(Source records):

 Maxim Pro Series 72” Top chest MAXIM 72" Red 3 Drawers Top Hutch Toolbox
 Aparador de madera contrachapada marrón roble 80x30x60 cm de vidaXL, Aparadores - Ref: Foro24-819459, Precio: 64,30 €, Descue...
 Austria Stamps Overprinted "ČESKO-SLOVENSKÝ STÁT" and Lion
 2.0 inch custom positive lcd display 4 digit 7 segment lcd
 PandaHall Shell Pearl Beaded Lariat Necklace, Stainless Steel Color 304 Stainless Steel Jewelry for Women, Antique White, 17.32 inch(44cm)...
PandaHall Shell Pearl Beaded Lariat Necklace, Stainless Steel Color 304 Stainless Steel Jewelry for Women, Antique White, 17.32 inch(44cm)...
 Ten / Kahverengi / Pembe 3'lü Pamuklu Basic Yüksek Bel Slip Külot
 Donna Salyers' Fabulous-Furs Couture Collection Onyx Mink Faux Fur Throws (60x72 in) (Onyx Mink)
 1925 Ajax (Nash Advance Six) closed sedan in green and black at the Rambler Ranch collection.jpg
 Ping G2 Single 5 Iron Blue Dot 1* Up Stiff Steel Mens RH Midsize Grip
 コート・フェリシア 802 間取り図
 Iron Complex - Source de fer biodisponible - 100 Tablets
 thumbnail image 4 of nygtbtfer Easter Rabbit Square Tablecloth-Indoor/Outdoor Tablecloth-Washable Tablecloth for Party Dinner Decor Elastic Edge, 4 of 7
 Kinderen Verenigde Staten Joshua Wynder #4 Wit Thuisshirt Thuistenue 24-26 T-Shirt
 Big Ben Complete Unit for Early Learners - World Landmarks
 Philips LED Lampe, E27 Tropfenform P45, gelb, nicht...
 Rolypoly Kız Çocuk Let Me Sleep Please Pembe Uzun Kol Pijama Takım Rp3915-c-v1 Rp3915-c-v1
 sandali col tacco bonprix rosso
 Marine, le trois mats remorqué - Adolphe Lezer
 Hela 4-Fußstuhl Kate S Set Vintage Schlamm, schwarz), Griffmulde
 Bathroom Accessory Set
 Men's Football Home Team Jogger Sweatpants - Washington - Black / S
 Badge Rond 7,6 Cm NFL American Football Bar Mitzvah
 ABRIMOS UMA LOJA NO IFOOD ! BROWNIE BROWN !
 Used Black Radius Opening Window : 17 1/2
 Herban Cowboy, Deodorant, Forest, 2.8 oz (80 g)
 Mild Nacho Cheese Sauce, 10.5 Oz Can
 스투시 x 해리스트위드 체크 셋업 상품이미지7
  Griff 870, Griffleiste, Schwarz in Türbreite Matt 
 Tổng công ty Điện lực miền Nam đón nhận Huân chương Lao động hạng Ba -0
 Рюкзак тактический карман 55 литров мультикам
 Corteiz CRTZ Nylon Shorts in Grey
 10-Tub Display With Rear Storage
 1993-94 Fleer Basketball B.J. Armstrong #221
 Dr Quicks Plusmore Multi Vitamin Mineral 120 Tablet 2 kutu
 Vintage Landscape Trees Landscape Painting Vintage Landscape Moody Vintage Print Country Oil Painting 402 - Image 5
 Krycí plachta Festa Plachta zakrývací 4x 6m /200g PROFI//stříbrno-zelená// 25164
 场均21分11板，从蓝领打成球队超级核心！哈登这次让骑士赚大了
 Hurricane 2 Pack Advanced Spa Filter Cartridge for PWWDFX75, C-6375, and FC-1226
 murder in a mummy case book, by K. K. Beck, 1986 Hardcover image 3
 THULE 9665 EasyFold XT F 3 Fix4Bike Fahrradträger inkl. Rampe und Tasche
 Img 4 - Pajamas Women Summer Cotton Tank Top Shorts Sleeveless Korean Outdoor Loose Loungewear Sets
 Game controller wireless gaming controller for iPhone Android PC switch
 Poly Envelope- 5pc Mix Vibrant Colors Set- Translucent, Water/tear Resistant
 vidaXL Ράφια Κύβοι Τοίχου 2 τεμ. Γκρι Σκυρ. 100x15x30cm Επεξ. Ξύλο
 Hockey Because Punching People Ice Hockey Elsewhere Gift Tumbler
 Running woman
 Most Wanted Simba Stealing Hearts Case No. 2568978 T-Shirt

(WORK REQUEST): Check the lines above and copy each one that includes "Necklace".

(ANSWER SECTION):
 PandaHall Shell Pearl Beaded Lariat Necklace, Stainless Steel Color 304 Stainless Steel Jewelry for Women, Antique White, 17.32 inch(44cm)...
PandaHall Shell Pearl Beaded Lariat Necklace, Stainless Steel Color 304 Stainless Steel Jewelry for Women, Antique White, 17.32 inch(44cm)...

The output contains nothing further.